Write the data out again exactly, with every picture removed.

• _Dataset section_:
BEGIN
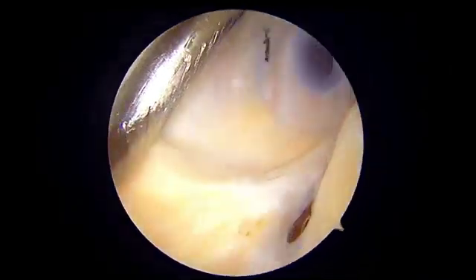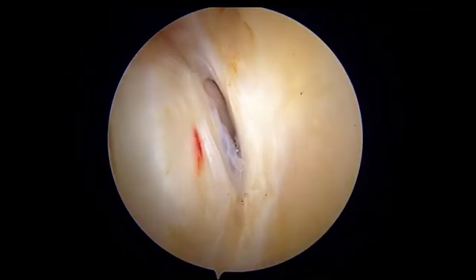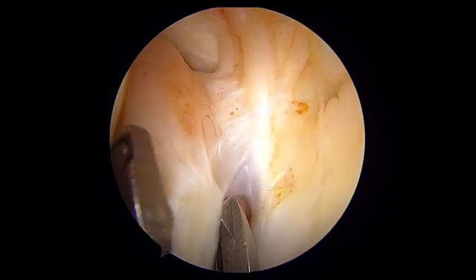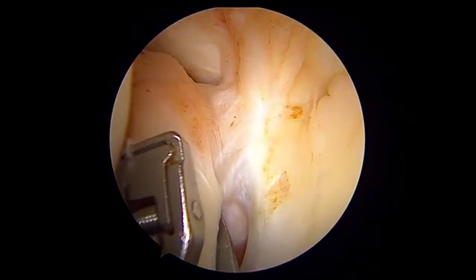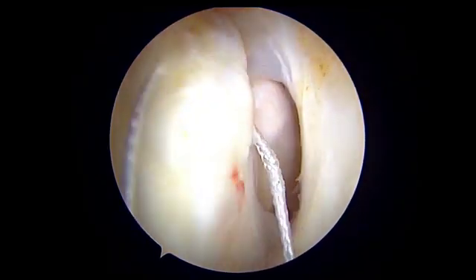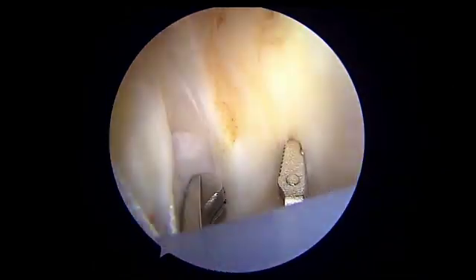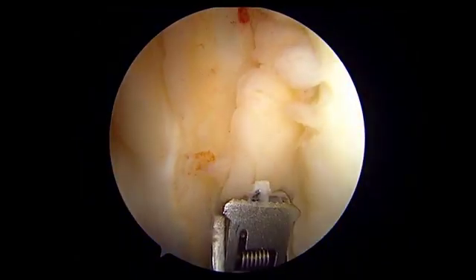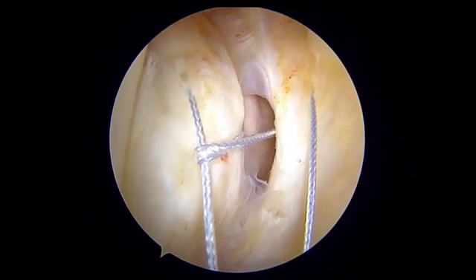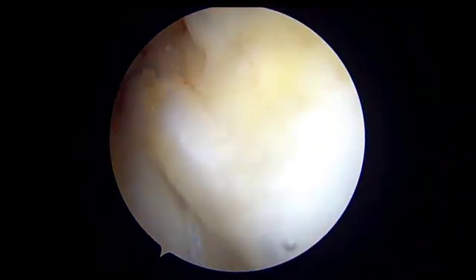We are now shifting our vision to the high posteromedial portal. Looking from the high posteromedial portal, the instrument is coming from the low posteromedial portal. Probing is done from the low posteromedial portal, and now using an antegrade suture device — a knee scorpion with FiberWire loaded onto it — the first bite is taken through the meniscus. The suture is loaded again and the bite is taken from the posterior leaf of the ramp. The suture is then passed for tying onto both limbs. Suture tangling can be managed by putting a suture manipulator from the anterolateral portal, and both sutures are taken out through the anterolateral portal.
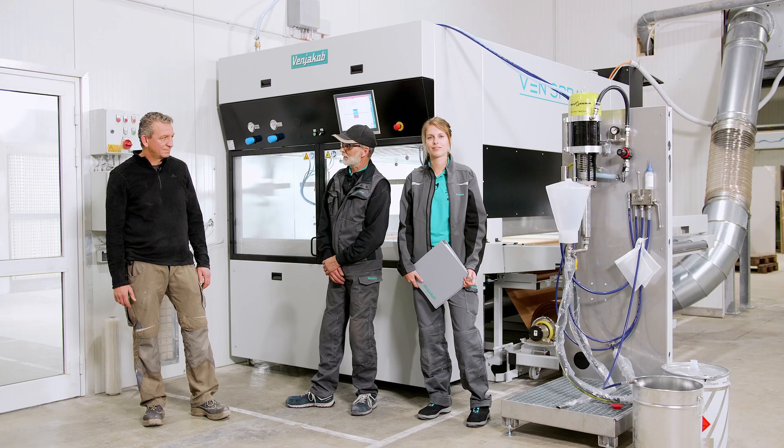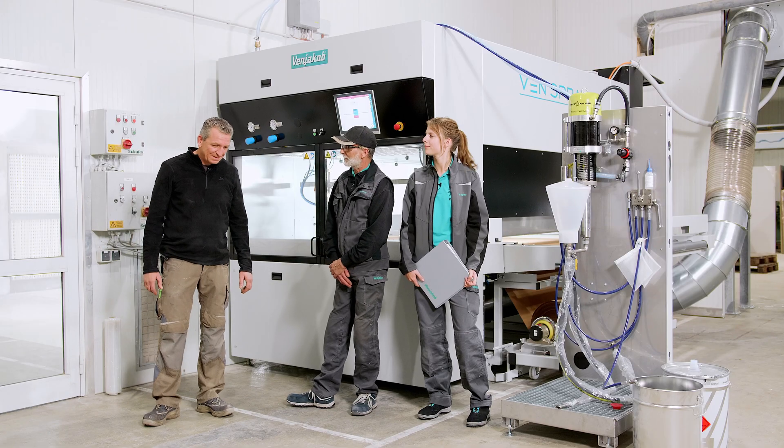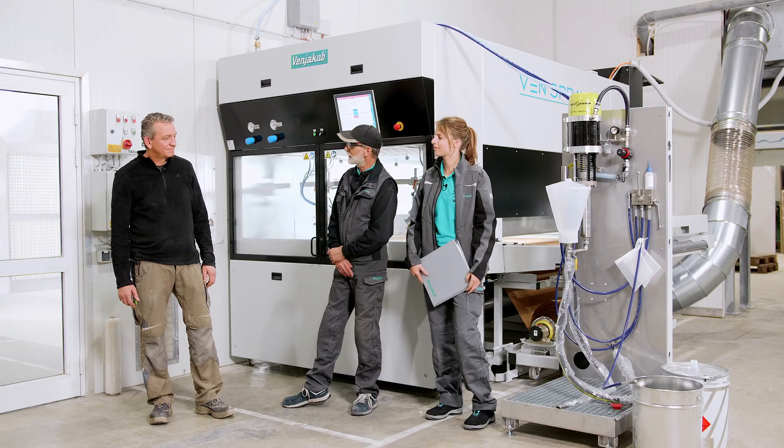Now we will hear a statement from Mr. Gerhards about how the day went — we spent the whole day together installing and commissioning the machine. What does Mr. Gerhards think of us?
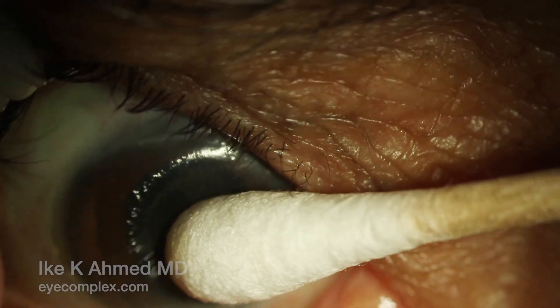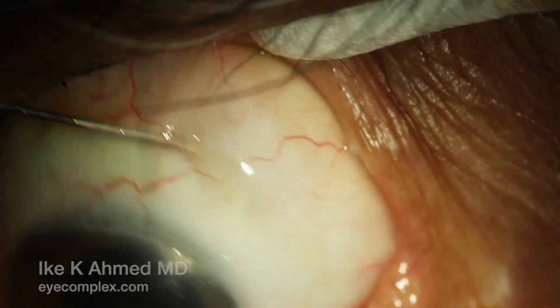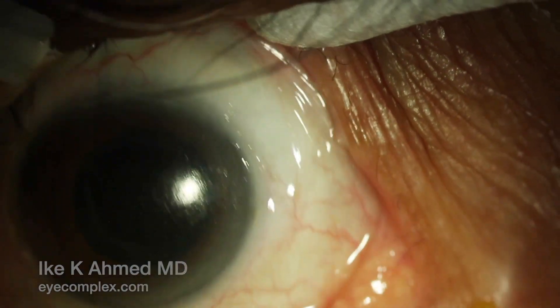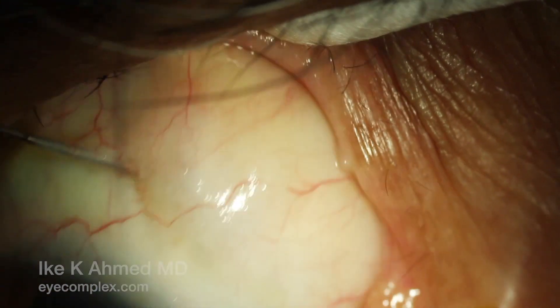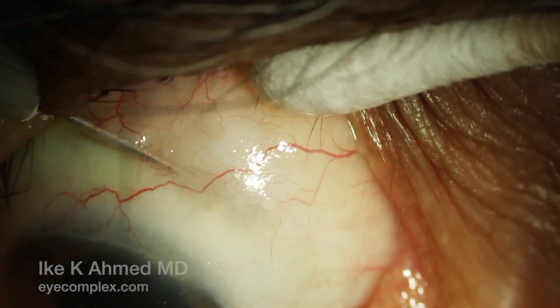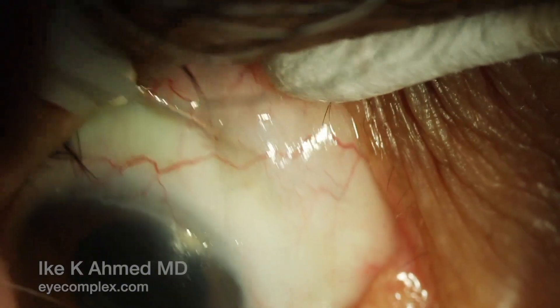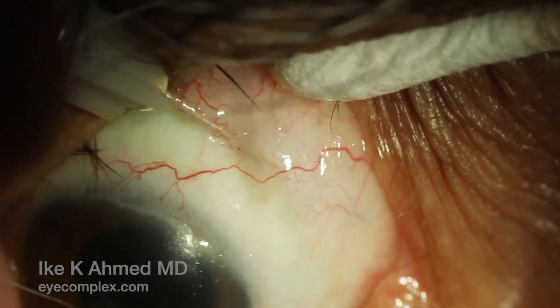You can really see a nice bleb forming here with this technique. This is done at the slit lamp. I prefer not to use a speculum; we actually have a Q-tip in hand to hold the lid away as well as to palpate the eye periodically. This continues, widening the subconjunctival space distal to the implant, which ensures we have a nice well-formed posterior bleb.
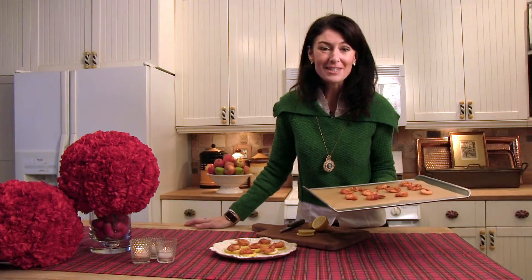This is a great hors d'oeuvre. Shrimp are always a huge favorite for your guests, and they're gluten free, which is a really wonderful trick for the holidays. For more entertaining tips, go to DebbieLily.com.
END
• _Exercise output_:
We are now shifting our vision to the high posteromedial portal. Looking from the high posteromedial portal, the instrument is coming from the low posteromedial portal. Probing is done from the low posteromedial portal, and now using an antegrade suture device — a knee scorpion with FiberWire loaded onto it — the first bite is taken through the meniscus. The suture is loaded again and the bite is taken from the posterior leaf of the ramp. The suture is then passed for tying onto both limbs. Suture tangling can be managed by putting a suture manipulator from the anterolateral portal, and both sutures are taken out through the anterolateral portal.
Now we will hear a statement from Mr. Gerhards about how the day went — we spent the whole day together installing and commissioning the machine. What does Mr. Gerhards think of us?
You can really see a nice bleb forming here with this technique. This is done at the slit lamp. I prefer not to use a speculum; we actually have a Q-tip in hand to hold the lid away as well as to palpate the eye periodically. This continues, widening the subconjunctival space distal to the implant, which ensures we have a nice well-formed posterior bleb.
This is a great hors d'oeuvre. Shrimp are always a huge favorite for your guests, and they're gluten free, which is a really wonderful trick for the holidays. For more entertaining tips, go to DebbieLily.com.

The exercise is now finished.